Par Renaud-Selim Sanli, pour le Genepi Belgique.

 

 

Le 20 avril 2020, le Délégué Général aux Droits de l’Enfant (DGDE) déposait une proposition gouvernementale visant à maintenir la relation entre un enfant et un parent détenu. Le maintien de cette relation est primordial dans un état de tension exacerbée. Comme le rappelle le DGDE, la rupture d’un lien affectif peut donner lieu à des traumatismes graves et compromettre le développement affectif et psychologique de l’enfant touché. C’est dans un contexte de suspension des visites pour les détenu·es en Belgique, que le Relais Enfants-Parents essaie coûte que coûte d’assurer sa mission : maintenir le lien entre les familles et un proche incarcéré.

 

« Il ne faut pas dire à mon papa qu’il est en prison, sinon il va être très très triste » ces paroles prononcées par Stéphane, 4 ans, aux psychologues du Relais Enfants-Parents devant la prison de Saint-Gilles reflètent bien toute la difficulté qui existe pour maintenir une relation entre un parent incarcéré et son enfant en temps normal. La situation pandémique rend la tâche d’autant plus compliquée pour les familles et pour le Relais qui tente tant bien que mal de pallier la suspension des visites.

 

Le 15 avril, après réunion du Conseil National de Sécurité, Sophie Wilmès annonce la prolongation des mesures de confinement jusqu’au 4 mai. Néanmoins, parce que « on meurt aussi de solitude » comme la Première Ministre ne manque pas de le rappeler, des dispositifs spécifiques seront pris pour permettre la visite de proches en maisons de repos ou en institutions spécialisées. La situation des personnes incarcérées n’a pas été évoquée.

 

Dès le début de la crise du Covid-19, le ministre de la Justice Koen Geens annonçait la suspension des visites en prison. Près de 11 000 personnes incarcérées vivent désormais dans des situations d’isolement exacerbées et cela sans aucune certitude sur le temps de cette suspension. L’isolement en prison est en temps normal l’un des plus grands défis à affronter. Ceci tant pour les détenu·es que pour leurs proches. Dans cette situation se trouvent notamment les enfants de personnes incarcérées comme le rappelle le Relais Enfants-Parents qui vise au maintien de la parentalité malgré la case prison.
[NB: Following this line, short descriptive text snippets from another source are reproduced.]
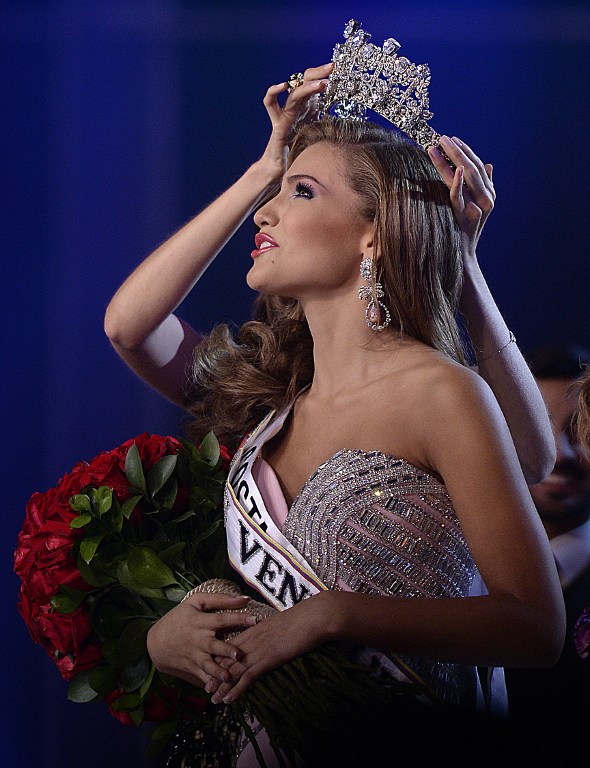 La nueva Miss Venezuela: Mientras esté aquí no hablaré de mi posición política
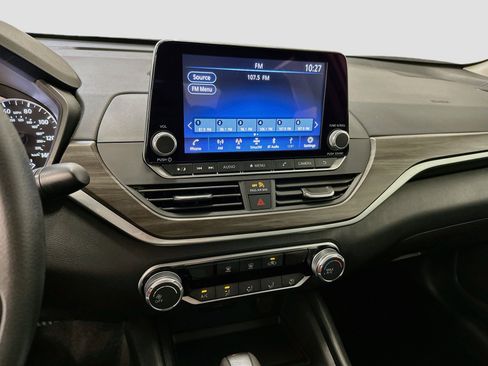 Used 2025 Nissan Altima 2.5 SV AWD/4WD image 25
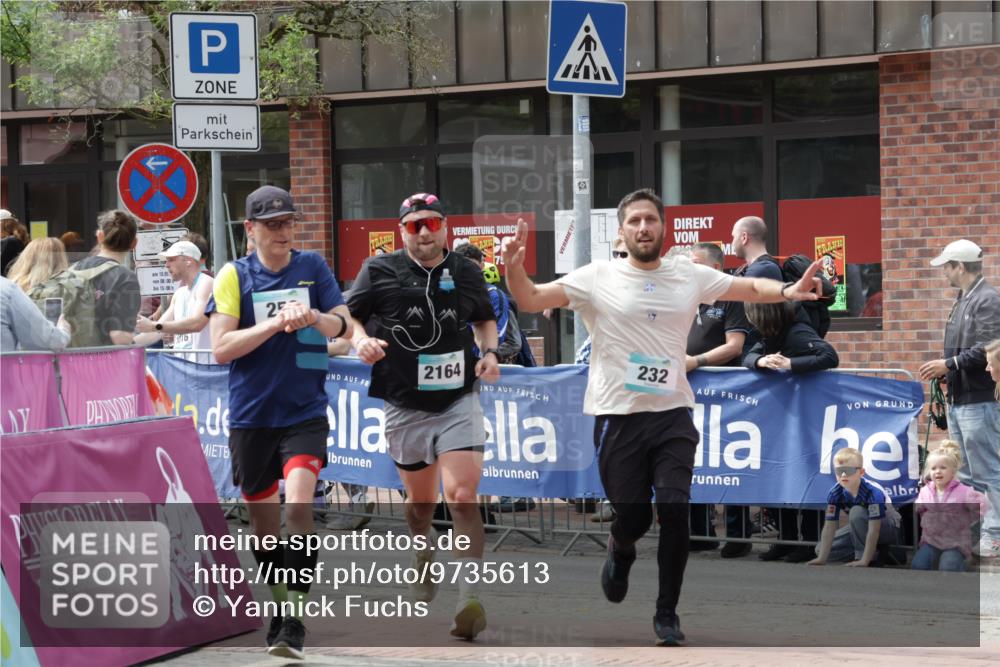 10.05.2026 - 8. Wedeler Halbmarathon Yannick Fuchs http://msf.ph/oto/9735613 10.05.2026 11:57:07 Ziel 232, 250, 559, 2164 meine-sportfotos.de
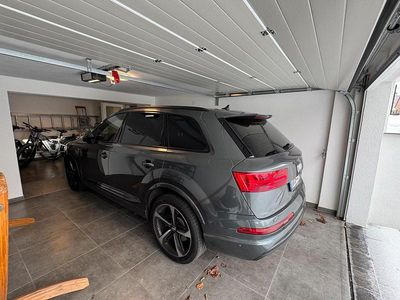 Usata Audi Q7 Exclusive 272 CV (200 kW) 2017 Grigio SUV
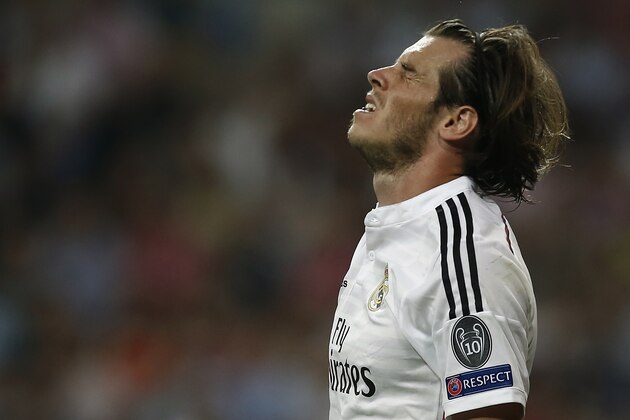 Real Madrid's Gareth Bale reacts during the Champions League second leg semifinal soccer match between Real Madrid and Juventus, at the Santiago Bernabeu stadium in Madrid, Wednesday, May 13, 2015. (AP Photo/Andres Kudacki)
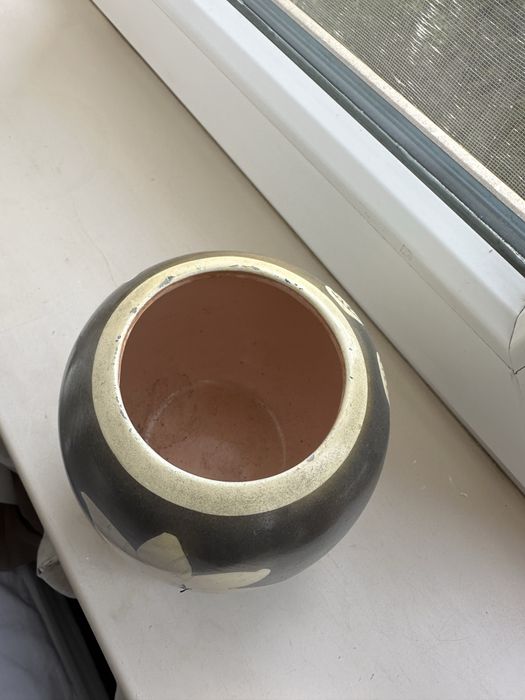 Ваза старинная севропы продам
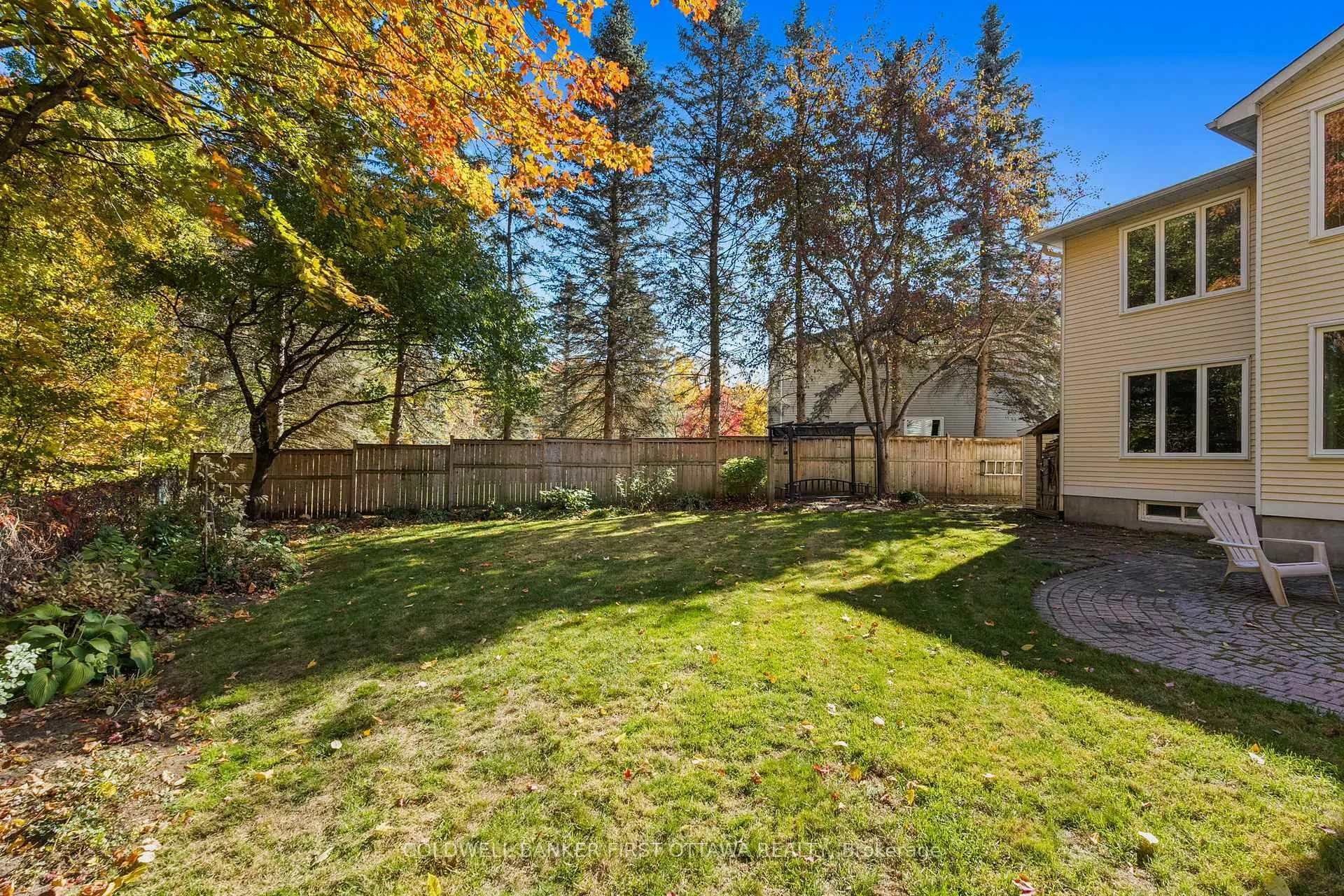 Photo 40 of 1645 Des Ravins Place, Ottawa, Chapel Hill — HOMEH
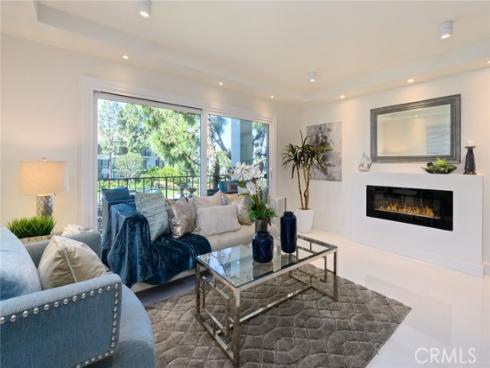 100  Scholz  205  Plaza, Newport Beach, CA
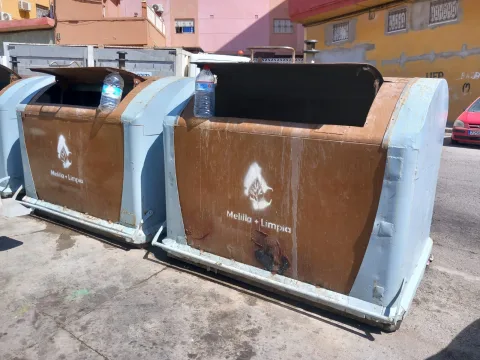 Imagen de la noticia: Medio Ambiente retira residuos vertidos fuera de contenedores en Averroes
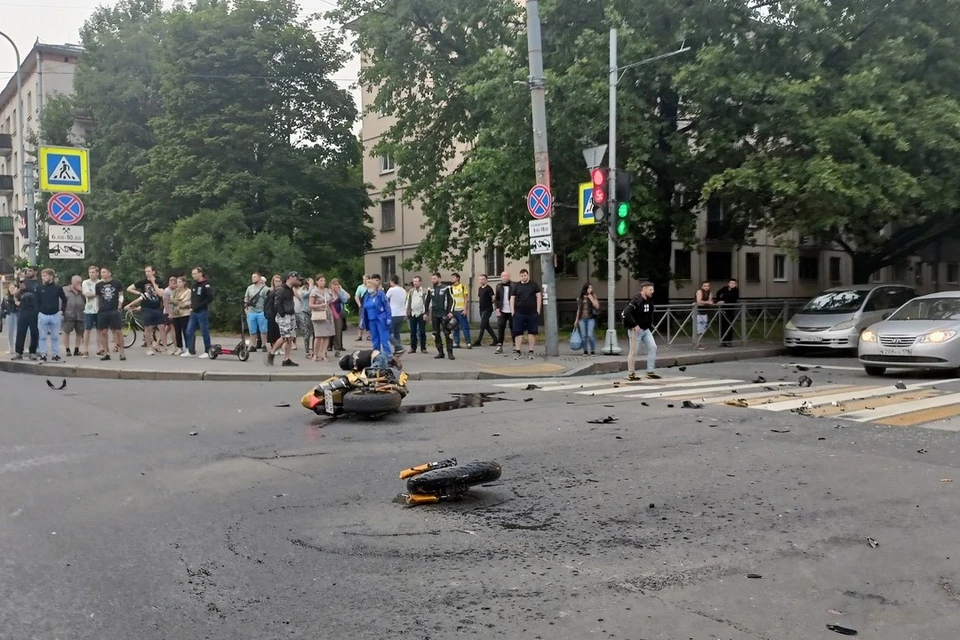 Тройная авария произошла на Малой Охте в Петербурге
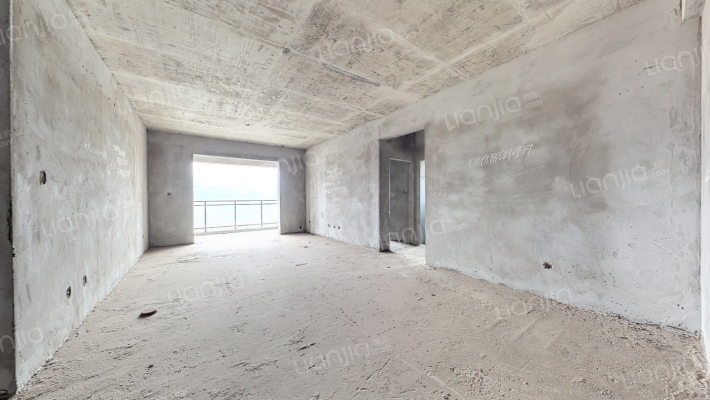 华达学府春天二手房实景图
L’association, dirigée par Stefania et secondée par les psychologues Virginie et Floriane, se bat au jour le jour pour accompagner les parents incarcérés à maintenir ou restaurer un lien avec leurs enfants. Que ce soit par la préparation à domicile des visites en prison, l’aide à la parentalité ou encore l’accompagnement et la mise en place de visites individuelles ou collectives. Pour l’association, la prison ne doit pas être un obstacle au maintien d’un lien fondamental pour le développement affectif et psychologique de l’enfant. Le maintien de ce lien est encadré par la Convention internationale des droits de l’enfant. Comme le rappelle Stefania, la directrice, « Avant d’être des détenu·es, ce sont souvent des parents et même des parents aimants. Ce n’est pas parce qu’ils ont eu des ennuis avec la justice que ce sont des mauvais parents. Les enfants n’ont pas à subir eux aussi tous les effets de l’enfermement. C’est déjà assez grave comme ça ».

 

Déjà en sous-effectif, malmené par un stress horaire accru et sous-financé, le Relais Enfants-Parents bataille au quotidien pour organiser les visites. L’association traite en moyenne 1800 dossiers d’enfants par an pour 700 à 800 détenus. Beaucoup d’enfants sont dans des situations d’incompréhension face à l’absence de leur père ou de leur mère et vivent sous le coup d’une situation post-traumatique pour avoir dans de nombreux cas, vécu l’arrestation en direct. Ils ne comprennent pas pourquoi ils ne peuvent voir leur parent incarcéré que deux mercredis par mois, parfois moins, pendant une heure trente. Les psychologues de l’ASBL doivent faire appel à des bénévoles ainsi qu’à la Croix-Rouge avec le projet Itinérances (le projet Itinérances vise à permettre à des enfants de visiter un parent incarcéré) pour organiser les visites à l’autre bout du pays. Pour voir son père une heure et demi, Romain doit faire deux fois par mois 500 km aller-retour, attendre devant la prison, passer les sas, attendre, passer d’autres sas pour enfin avoir le droit de tenir son père dans ses bras et lui raconter sa vie à l’école ou l’entendre lui raconter une histoire. Si les travailleur·euses du Relais ne comptent plus leurs heures, c’est que derrière chaque visite il y a une préparation de démystification du monde carcéral tant pour le parent resté à l’extérieur que pour l’enfant. Du bruit des portes aux fonctionnements de l’institution, tout doit être expliqué. Il en va de la souffrance de l’enfant qui porte déjà le stigmate et parfois la honte d’avoir un parent incarcéré.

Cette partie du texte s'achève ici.